In Potsdam, dem Spitzenreiter des Städtevergleichs, werden dagegen zwölf Wohnungen je 1000 Bestandswohnungen fertig. „Potsdam hat viel früher und wirkungsvoller auf das Bevölkerungswachstum reagiert“, lobte Kern die Planer der brandenburgischen Landeshauptstadt. Berlins Entwicklung gehe jedoch in die richtige Richtung. So wurden 2014 immerhin deutlich mehr Wohnungen fertig als im Durchschnitt der drei Vorjahre (2,8 Wohnungen).

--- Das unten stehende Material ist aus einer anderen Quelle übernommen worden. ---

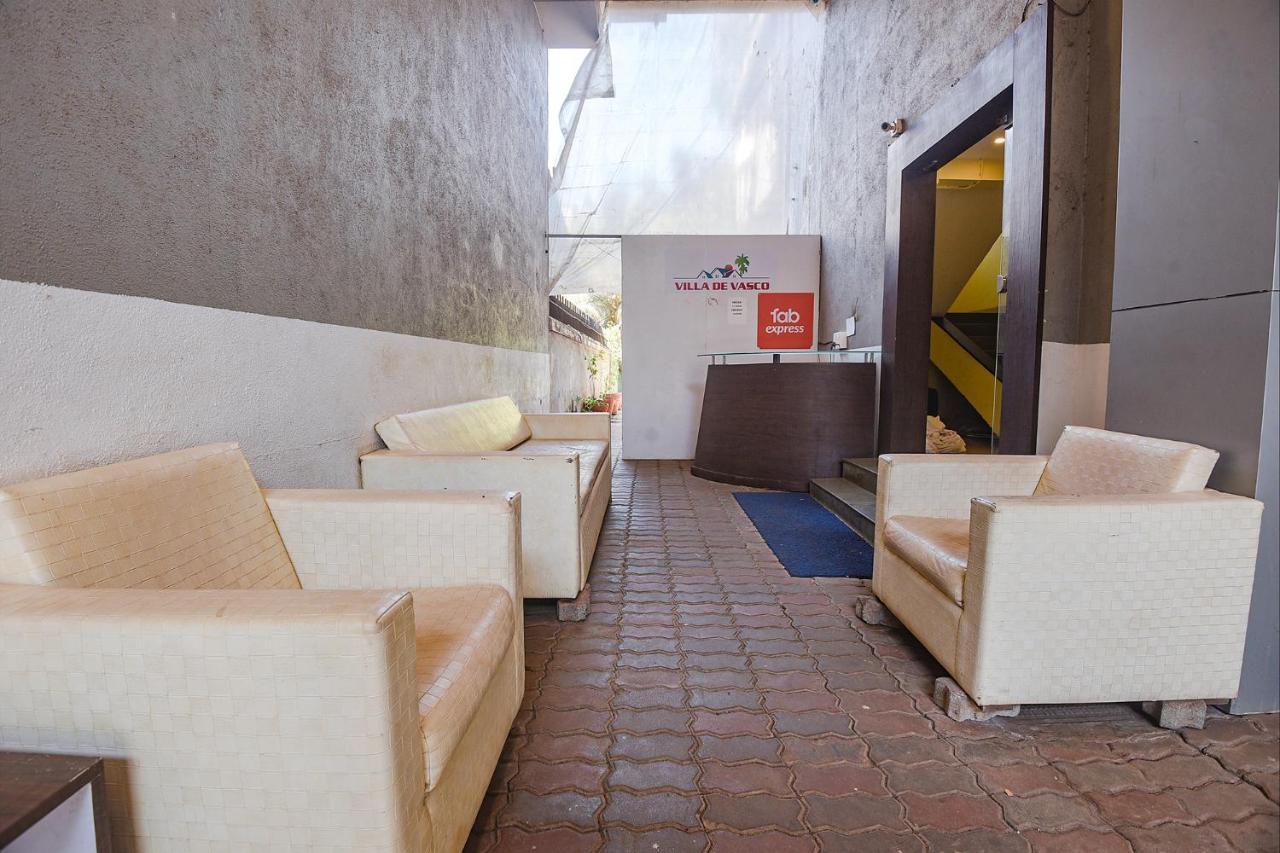 Fabexpress Villa De Vasco Marmagao Exteriér fotografie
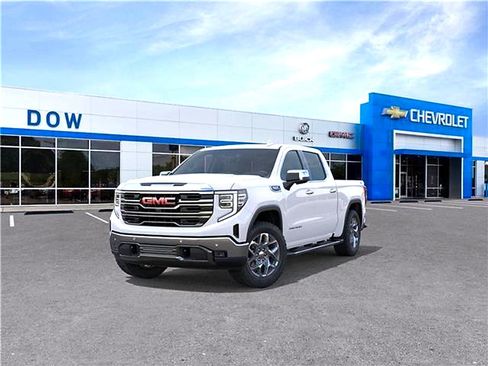 New 2026 GMC Sierra 1500 SLT w/ SLT Premium Plus Package image 8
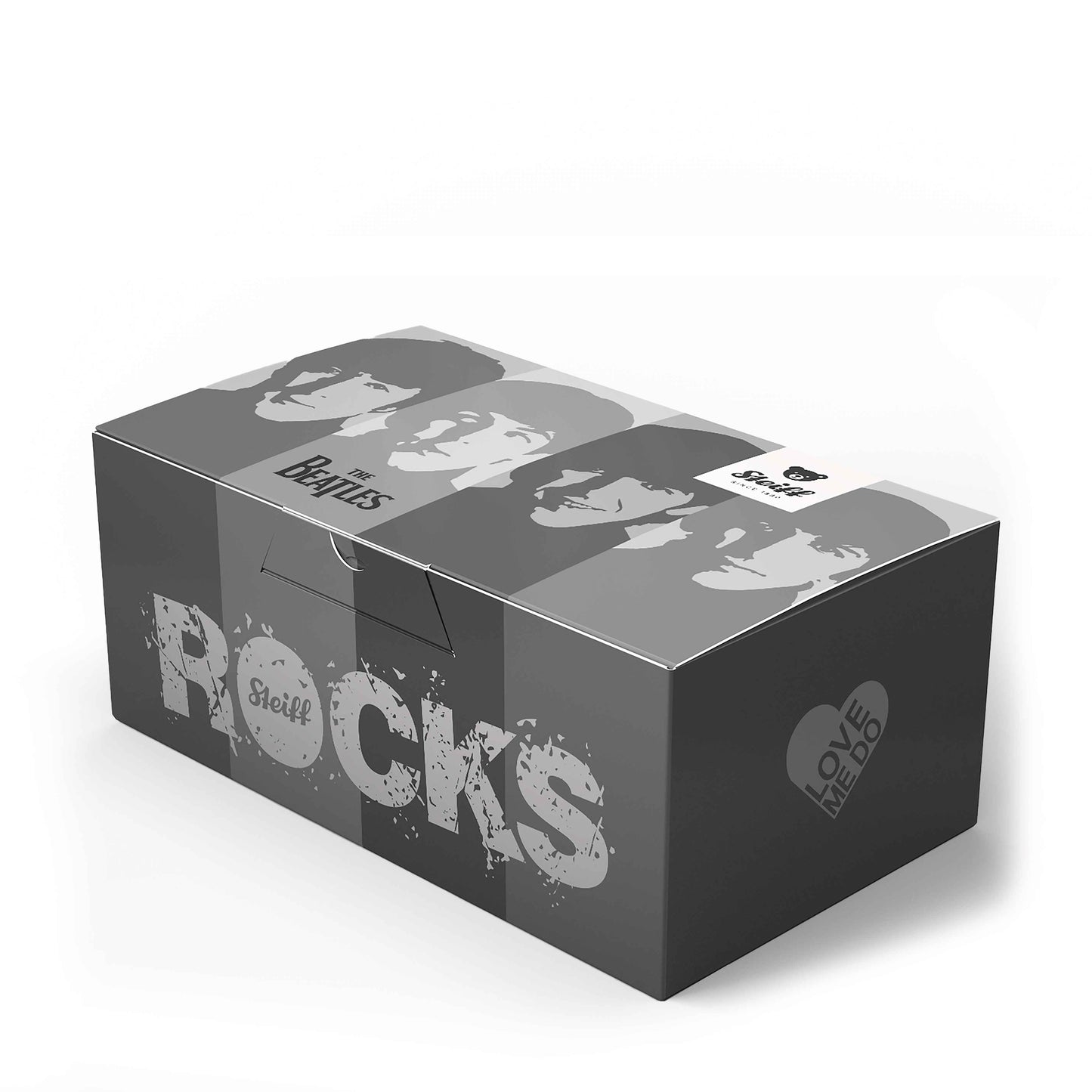 Steiff Steiff Rocks! The Beatles (007439)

Bausenator verspricht deutliche Steigerungen beim Neubau

Berlins Senator für Stadtentwicklung und Umwelt, Andreas Geisel (SPD), sagte zu, dass das Land Berlin bereits dabei sei, die Neubauzahlen nach oben zu korrigieren. „Wir stehen vor einer historischen Aufgabe“, sagte er angesichts des enormen Bevölkerungswachstums. „Ich bin aber sicher, dass wir dies meistern werden“, so der Bausenator weiter. 30.000 Wohnungen pro Jahr zu bauen, sei keine Hexerei, wie Berlin in den 1990er-Jahren schon einmal beweisen habe. Die landeseigenen Wohnungsbaugesellschaften seien gut aufgestellt. „Daneben stehen aber auch die privaten Bauherren in der Pflicht, ihren Anteil an dieser großen Aufgabe zu leisten“, betonte Geisel. Dazu brauche es vor allem geeignete Flächen für den Wohnungsbau. „Wir sind permanent dabei, neue Flächen zu aktivieren und die planungsrechtlichen Grundlagen für den Bau neuer Wohnungen zu schaffen“, versicherte der Senator.